▶ [WHAT YOU ARE ASKED TO DO] Send back the data below exactly. Drop every picture.

▶ [TASK MATERIAL]
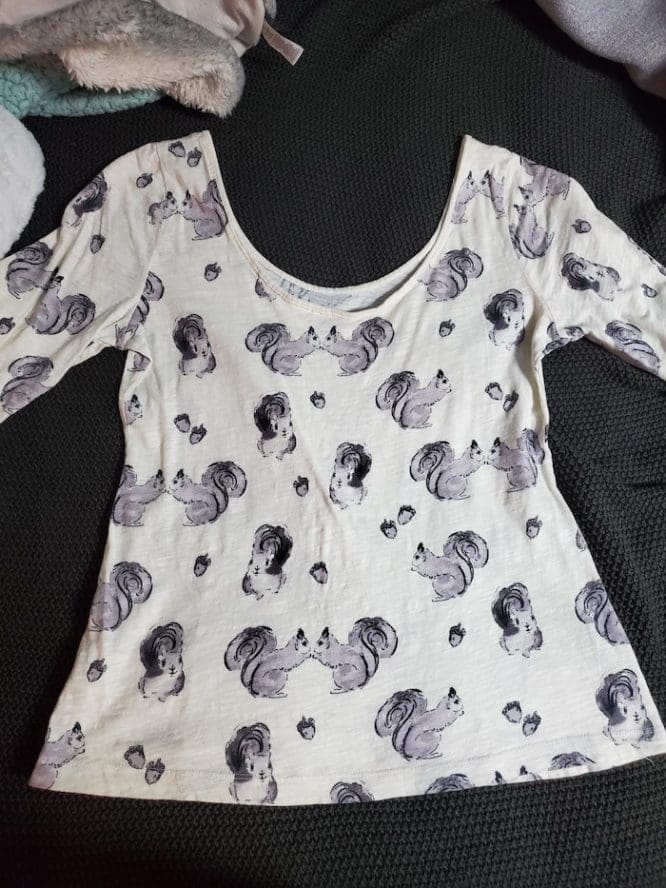 A shirt with a squirrel print laid flat in preparation to be folded in the Kon-Mari method to show how to pack clothes for moving day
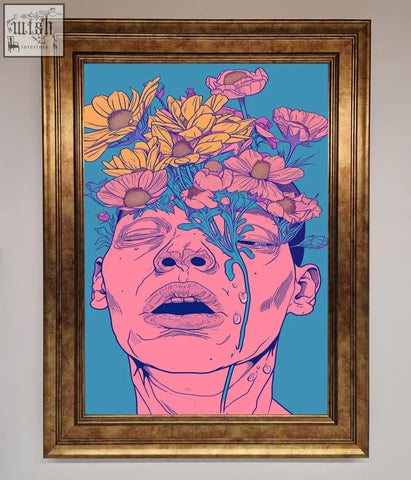 A gold-framed pop-art canvas wall art with a pink-skinned face, blue tears, and yellow pink flowers on teal background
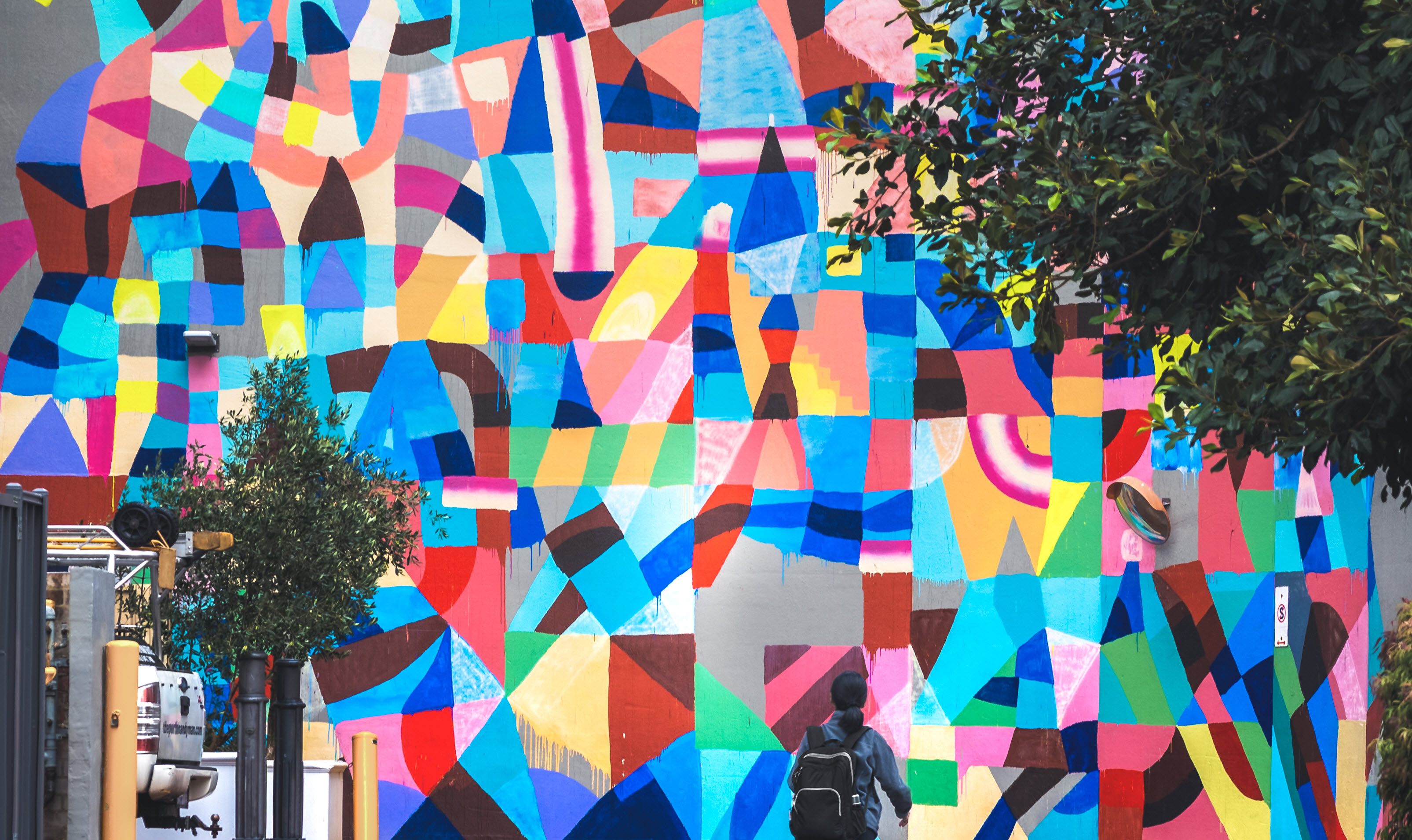 Person standing in front of colourful mural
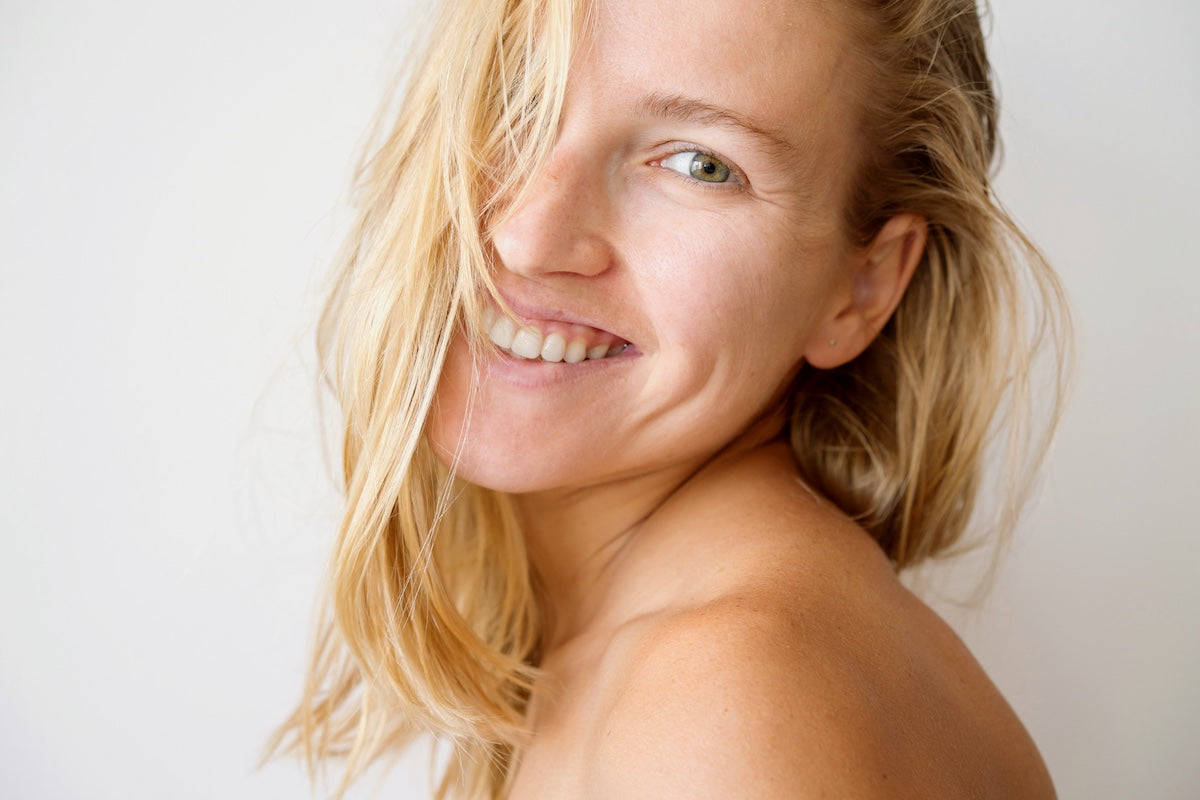 A young woman with blonde hair, healthy skin, and a happy expression is smiling against a white background; reflecting the theme of skin health and natural beauty.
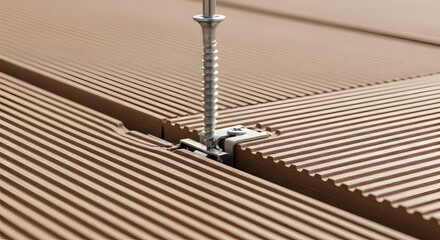 Fototapeta premium Close-up of a screw fixing two wooden deck planks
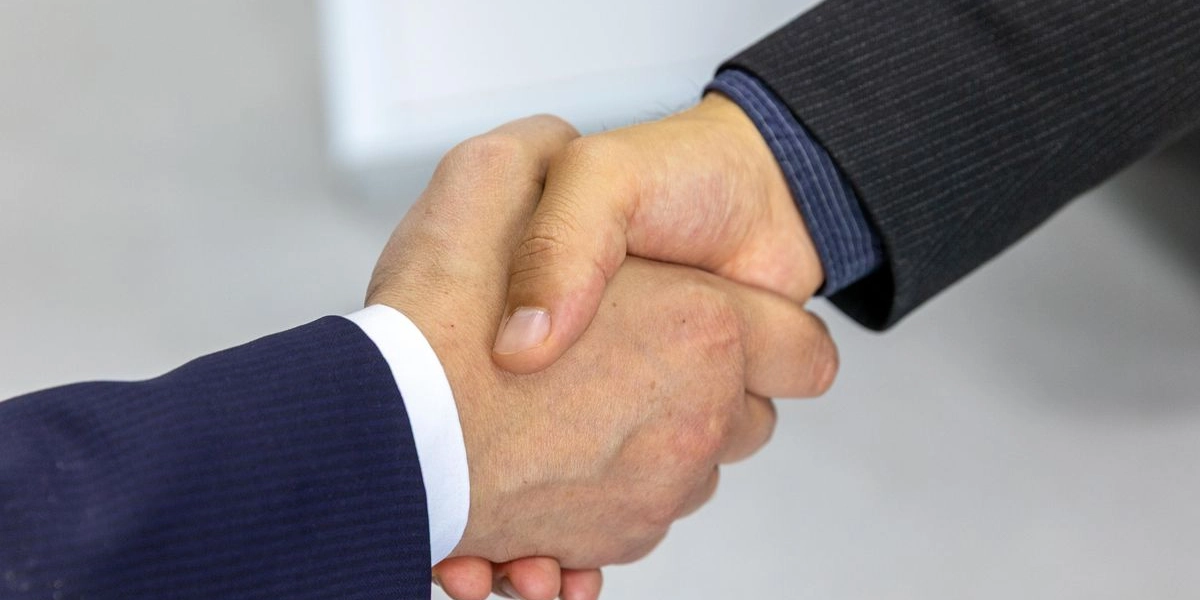 Two business professionals shaking hands, representing a teaming partnership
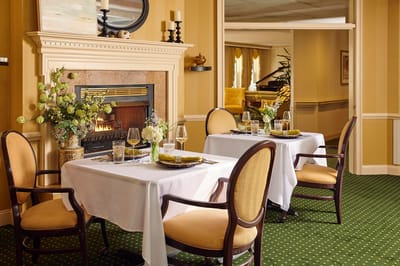 Elegant dining area with a cozy fireplace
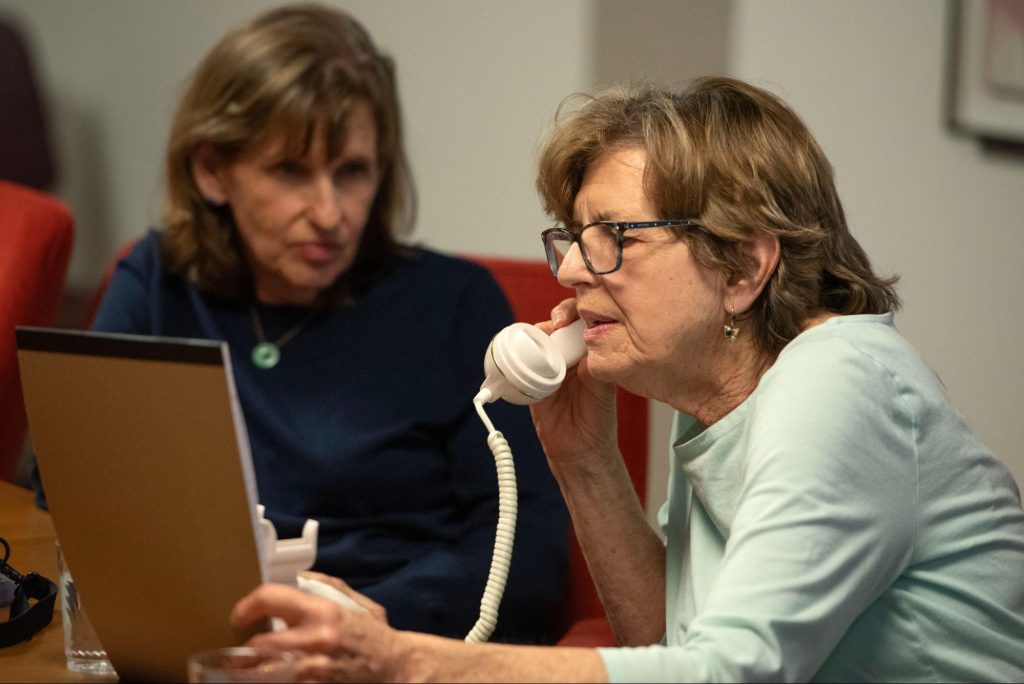 Two women look at a notebook while one talks on the telephone.
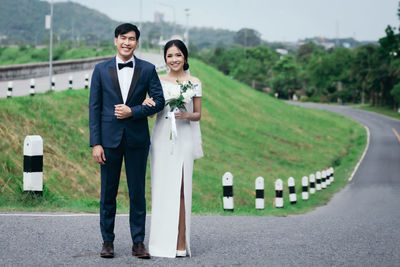 Portrait of smiling young couple standing on road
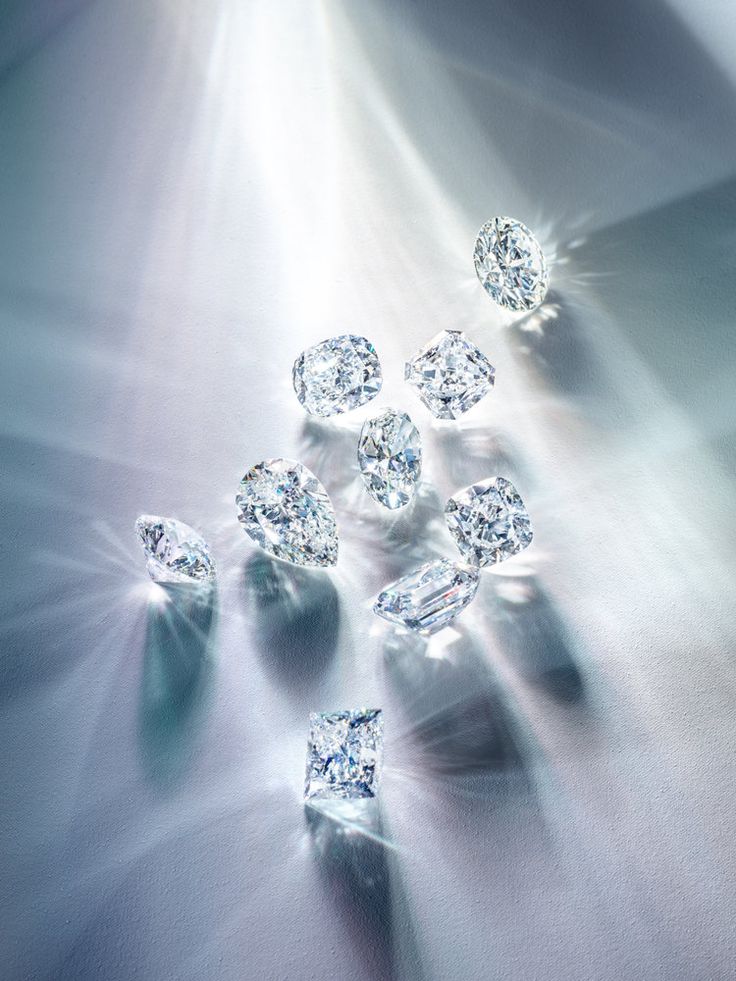 Sparkling diamonds with various cuts reflecting light on a soft surface.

▶ [ANSWER SPACE]
 A shirt with a squirrel print laid flat in preparation to be folded in the Kon-Mari method to show how to pack clothes for moving day
 A gold-framed pop-art canvas wall art with a pink-skinned face, blue tears, and yellow pink flowers on teal background
 Person standing in front of colourful mural
 A young woman with blonde hair, healthy skin, and a happy expression is smiling against a white background; reflecting the theme of skin health and natural beauty.
 Fototapeta premium Close-up of a screw fixing two wooden deck planks
 Two business professionals shaking hands, representing a teaming partnership
 Elegant dining area with a cozy fireplace
 Two women look at a notebook while one talks on the telephone.
 Portrait of smiling young couple standing on road
 Sparkling diamonds with various cuts reflecting light on a soft surface.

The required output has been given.